Yesterday had been much more taxing than I had hoped for. Even now, with about twelve hours' distance, I am still raw and exposed from the pain and anguish that had come from Mary when I ended our relationship.

It was the hardest thing I have ever had to do. Telling her that I didn't think the long-distance was going to work for me, she had started talking about moving up to Alaska to be with me, that we could start anew in this new place, that it would be good for us to be truly on our own. I hated that I had to be the one to crush those dreams she was gushing about. Fate is beyond cruel – all these lives changed for something that they deemed was the 'right' path.

Once she realised that I wasn't open to the idea of her moving up here with me, she all but crumbled. The tears had killed me – knowing that I was the one who was causing her such pain and anguish was like having my own heart ripped out and I guess in a way it was torn from my body because this was the woman, I had always assumed that I would spend the rest of my life with, but I knew now that it had to be done. I knew that to stay with her and let her believe that everything was fine, that we were fine would be a fate worse than death because the bond between Sage and I would only ruin us both if it went unchecked. Nathan had confirmed that the other night.

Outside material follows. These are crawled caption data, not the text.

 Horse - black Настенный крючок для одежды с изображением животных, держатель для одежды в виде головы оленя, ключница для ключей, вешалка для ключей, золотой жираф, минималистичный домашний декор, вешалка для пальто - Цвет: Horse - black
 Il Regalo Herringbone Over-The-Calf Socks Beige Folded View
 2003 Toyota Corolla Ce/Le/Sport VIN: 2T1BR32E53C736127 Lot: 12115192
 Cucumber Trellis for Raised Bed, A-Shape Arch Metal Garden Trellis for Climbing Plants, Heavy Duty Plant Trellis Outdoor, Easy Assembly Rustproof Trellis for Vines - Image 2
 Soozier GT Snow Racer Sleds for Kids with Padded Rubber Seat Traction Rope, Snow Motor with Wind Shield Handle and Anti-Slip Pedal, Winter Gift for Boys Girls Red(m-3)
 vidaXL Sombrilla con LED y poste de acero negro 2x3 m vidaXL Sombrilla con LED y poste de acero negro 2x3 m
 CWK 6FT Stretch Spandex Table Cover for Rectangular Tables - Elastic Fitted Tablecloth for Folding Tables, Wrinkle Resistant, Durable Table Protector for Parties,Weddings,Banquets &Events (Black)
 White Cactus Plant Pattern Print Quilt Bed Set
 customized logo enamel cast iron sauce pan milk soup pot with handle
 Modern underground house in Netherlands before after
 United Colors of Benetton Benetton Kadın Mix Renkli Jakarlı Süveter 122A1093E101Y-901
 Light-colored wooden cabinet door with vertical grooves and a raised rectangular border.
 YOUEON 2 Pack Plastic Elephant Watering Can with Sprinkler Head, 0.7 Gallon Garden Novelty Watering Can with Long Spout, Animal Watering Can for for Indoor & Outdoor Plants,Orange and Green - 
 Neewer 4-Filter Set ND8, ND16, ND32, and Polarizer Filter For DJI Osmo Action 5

And even if I were the asshole, I feel like I am right now, I would be sentencing Mary to a life where she would never be loved in the way that she so rightly deserved to be.

After hours of going back and forth with each other – yelling and screaming at one another – she couldn't understand why I was ending things if I loved her and I grew frustrated that I couldn't simply tell her the truth, talking calmly where we confessed that we might be holding onto something that had naturally run its course, we even cried together – agreeing that there was going to be a grieving period for both of us, eventually there was nothing else to do but to walk away. And that was when it hit me – if I had truly been in love with Mary, if I had been completely devoted to her there was no way that I could have walked away. Now that isn't to say that I didn't love her at all because I did, and I know that there is going to be a huge part of me that will always hold her in my heart, but our relationship wasn't fated. Us together wasn't set in stone, not the way Sage and I were.

I had stumbled through the portal around three-am and it took me a further two hours to decompress enough to fall asleep. It had been fitful and disturbed – images of Mary hurt and trapped, locked up and scared. When I woke up, I called my mom just to make sure that she checked on my ex.

Fuck.

I never imagined that I would ever call Mary my ex. I never intended to be with anyone but her. I had foolishly believed that I was one of those rare cases when a supe falls in love with a human and the fated-bond sparks. Then I met Sage. And my whole world went up in flames. Everything I believed was knocked on its head and I had no chance in fighting it because the bond between a fated-couple was infinite and demanding. I could feel it now. The way it was unrelenting. Now that I was unattached it screamed at me to complete the connection with Sage.

"Oh, hey Jay-bird-" Eve stumbled through the door that led down to the underground lair where she was residing with her own fated-mates.

"Hey, Evie-" I smiled at her. I liked this girl's energy – she was surprisingly uncomplicated, despite her heritage and lineage, she was one of those rare people who was down to earth and what you saw was what you got.

"Are you ok?" She was instantly concerned.

"Yeah, why?"

"For the very first time, I am seeing an aura and I have read enough to know that the brown you have surrounding you is giving off stressed vibes, so are you really, ok?" She asked me, a depth of compassion in her tone that definitely leads to a sense of calm washing over me.